Periodically heated discussions breakout concerning the question of assurance, arguably one of the least understood doctrines especially by those who ought to know better. The confusion rests on the error of attempting to rest one’s assurance on the knowledge that one is saved and the claim that our blessed state can be deduced by good and necessary consequence from Scripture. This is false. The Westminster Confession never makes this claim even stating that assurance does not belong to the “essence of faith,” but rather is a gift that “a true believer may wait long, and conflict with many difficulties, before he be partaker of it.” It follows that if knowledge of one’s election could be deduced from Scripture, then the true believer would not have to wait long or struggle for assurance at all for; all they would need to do is simply deduce their eternal blessedness from the Scripture.
But, that my friends, is impossible.
Quite a few years ago on a Scripturalist discussion group run by Dr. Robbins, this question regarding assurance and knowledge basically brought the group to a grinding halt and no progress could be made on either side. While Dr. Robbins did not participate in the back and forth at that time, he did offer the following insight. I post it hear not so much to revisit this question of assurance, or even to rebuke those who find themselves on the other side of this debate, but because there is so much practical wisdom and insight into the Scripturalism of Gordon Clark in John’s response that it deserves its own post:
It seems that when a discussion gets underway on this list some members prefer to return to the question of whether one can now know one is saved. Then follows all sorts of confusion that would take days to sort out, probably to no one’s satisfaction. So no progress is made.
First, the issue is not skepticism. Even if a sinner cannot know (in the proper sense of the word) that he is saved — and so far no one has shown that he can — Scripturalism furnishes us with many truths when all other methods fail, and so skepticism is avoided.

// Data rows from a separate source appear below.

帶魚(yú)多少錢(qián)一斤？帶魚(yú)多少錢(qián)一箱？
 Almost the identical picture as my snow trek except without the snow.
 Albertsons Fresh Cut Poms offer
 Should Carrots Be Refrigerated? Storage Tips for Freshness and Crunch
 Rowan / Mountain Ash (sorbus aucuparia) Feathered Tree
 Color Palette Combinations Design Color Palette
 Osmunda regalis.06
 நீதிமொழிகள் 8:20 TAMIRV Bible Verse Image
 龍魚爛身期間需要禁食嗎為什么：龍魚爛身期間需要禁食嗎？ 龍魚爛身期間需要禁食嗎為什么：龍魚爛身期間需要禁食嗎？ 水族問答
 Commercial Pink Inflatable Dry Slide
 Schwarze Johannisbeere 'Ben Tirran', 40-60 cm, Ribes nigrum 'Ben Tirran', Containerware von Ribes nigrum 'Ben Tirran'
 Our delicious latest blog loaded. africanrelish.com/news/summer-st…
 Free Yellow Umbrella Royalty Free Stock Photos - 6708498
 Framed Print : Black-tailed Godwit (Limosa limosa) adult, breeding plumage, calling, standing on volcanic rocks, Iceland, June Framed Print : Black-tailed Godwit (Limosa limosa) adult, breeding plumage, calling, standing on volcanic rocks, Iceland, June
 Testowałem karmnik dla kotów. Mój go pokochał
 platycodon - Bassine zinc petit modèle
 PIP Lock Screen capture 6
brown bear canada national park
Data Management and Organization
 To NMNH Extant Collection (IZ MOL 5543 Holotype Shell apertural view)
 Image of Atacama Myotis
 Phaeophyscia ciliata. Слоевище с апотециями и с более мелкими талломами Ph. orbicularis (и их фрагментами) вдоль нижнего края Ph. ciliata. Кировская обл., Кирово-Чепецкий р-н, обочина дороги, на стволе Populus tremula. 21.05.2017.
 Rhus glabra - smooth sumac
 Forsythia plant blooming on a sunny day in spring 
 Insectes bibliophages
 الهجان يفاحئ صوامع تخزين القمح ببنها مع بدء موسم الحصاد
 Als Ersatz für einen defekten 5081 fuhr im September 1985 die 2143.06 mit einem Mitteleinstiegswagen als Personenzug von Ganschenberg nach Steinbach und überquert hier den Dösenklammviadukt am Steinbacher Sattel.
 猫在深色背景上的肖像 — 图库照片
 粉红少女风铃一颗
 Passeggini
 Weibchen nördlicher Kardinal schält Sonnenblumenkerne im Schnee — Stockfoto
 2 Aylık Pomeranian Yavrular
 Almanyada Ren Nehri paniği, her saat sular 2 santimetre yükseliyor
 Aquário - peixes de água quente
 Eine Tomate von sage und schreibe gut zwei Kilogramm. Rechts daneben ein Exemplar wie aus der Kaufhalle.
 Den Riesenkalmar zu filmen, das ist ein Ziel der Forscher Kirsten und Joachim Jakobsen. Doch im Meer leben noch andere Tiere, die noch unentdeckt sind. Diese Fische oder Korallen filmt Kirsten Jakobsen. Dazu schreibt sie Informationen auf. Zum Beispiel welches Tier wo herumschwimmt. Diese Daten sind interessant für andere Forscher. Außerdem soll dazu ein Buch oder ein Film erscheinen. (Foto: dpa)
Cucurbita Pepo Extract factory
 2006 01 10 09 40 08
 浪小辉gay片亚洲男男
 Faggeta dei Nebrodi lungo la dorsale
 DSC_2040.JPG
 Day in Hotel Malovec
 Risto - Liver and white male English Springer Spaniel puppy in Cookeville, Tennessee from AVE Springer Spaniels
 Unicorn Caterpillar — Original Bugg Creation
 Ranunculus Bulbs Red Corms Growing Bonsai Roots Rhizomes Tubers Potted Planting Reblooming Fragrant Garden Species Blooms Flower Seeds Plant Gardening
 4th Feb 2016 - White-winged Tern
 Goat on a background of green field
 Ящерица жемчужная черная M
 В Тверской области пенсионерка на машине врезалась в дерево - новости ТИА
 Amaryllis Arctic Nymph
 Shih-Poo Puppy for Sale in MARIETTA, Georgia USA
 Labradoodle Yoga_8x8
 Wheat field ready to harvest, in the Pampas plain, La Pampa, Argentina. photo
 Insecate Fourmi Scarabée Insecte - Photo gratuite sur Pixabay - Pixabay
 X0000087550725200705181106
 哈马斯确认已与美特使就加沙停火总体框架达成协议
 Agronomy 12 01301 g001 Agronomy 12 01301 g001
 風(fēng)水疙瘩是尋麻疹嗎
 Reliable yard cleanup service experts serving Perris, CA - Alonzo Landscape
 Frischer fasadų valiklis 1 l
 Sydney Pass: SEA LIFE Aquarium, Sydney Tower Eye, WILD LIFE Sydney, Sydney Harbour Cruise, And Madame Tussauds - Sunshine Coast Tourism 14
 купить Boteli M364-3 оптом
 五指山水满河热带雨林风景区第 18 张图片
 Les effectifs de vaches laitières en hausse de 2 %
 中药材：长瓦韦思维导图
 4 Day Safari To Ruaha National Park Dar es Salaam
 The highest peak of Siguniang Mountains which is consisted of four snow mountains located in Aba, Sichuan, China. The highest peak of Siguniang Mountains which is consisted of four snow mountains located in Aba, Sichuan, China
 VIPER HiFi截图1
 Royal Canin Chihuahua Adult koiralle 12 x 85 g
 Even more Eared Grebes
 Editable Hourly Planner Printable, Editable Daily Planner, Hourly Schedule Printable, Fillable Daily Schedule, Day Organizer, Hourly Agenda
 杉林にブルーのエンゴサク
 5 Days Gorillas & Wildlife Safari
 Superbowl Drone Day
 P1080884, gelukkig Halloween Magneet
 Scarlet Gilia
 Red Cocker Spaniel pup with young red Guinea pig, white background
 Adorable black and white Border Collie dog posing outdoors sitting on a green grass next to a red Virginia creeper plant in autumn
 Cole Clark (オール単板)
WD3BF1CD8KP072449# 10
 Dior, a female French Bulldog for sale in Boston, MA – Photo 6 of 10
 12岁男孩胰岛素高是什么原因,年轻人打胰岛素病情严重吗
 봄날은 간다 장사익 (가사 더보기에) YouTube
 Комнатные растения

Second, knowledge requires explicit statements in Scripture or deductions from Scripture. It is not the same as assurance or certitude or certainty.
Third, opinions may be true or false. (It is absurd to say that some propositions are neither true nor false.) So Jack’s (a hypothetical person) opinion that he is saved may indeed be true, but no one has yet shown how he can deduce it from Scripture. Those who think he can so deduce it must show how it can be so deduced — but don’t try it here for at least a year.
Fourth, Jack’s failure is not due to any doubt about Scripture (and it is impossible to doubt a proposition one believes — one either assents or one does not) but solely to the problem of self-knowledge. He knows the major premise, All believers are saved. He opines the minor premise, I am a believer. Therefore the conclusion, I am saved, can rise no higher than opinion.
Finally, the question is not how does one know one knows? but how does one know? Scripturalism says, one knows only by explicit statements in or valid inferences from Scripture.
Now, gentlemen, move on to another topic.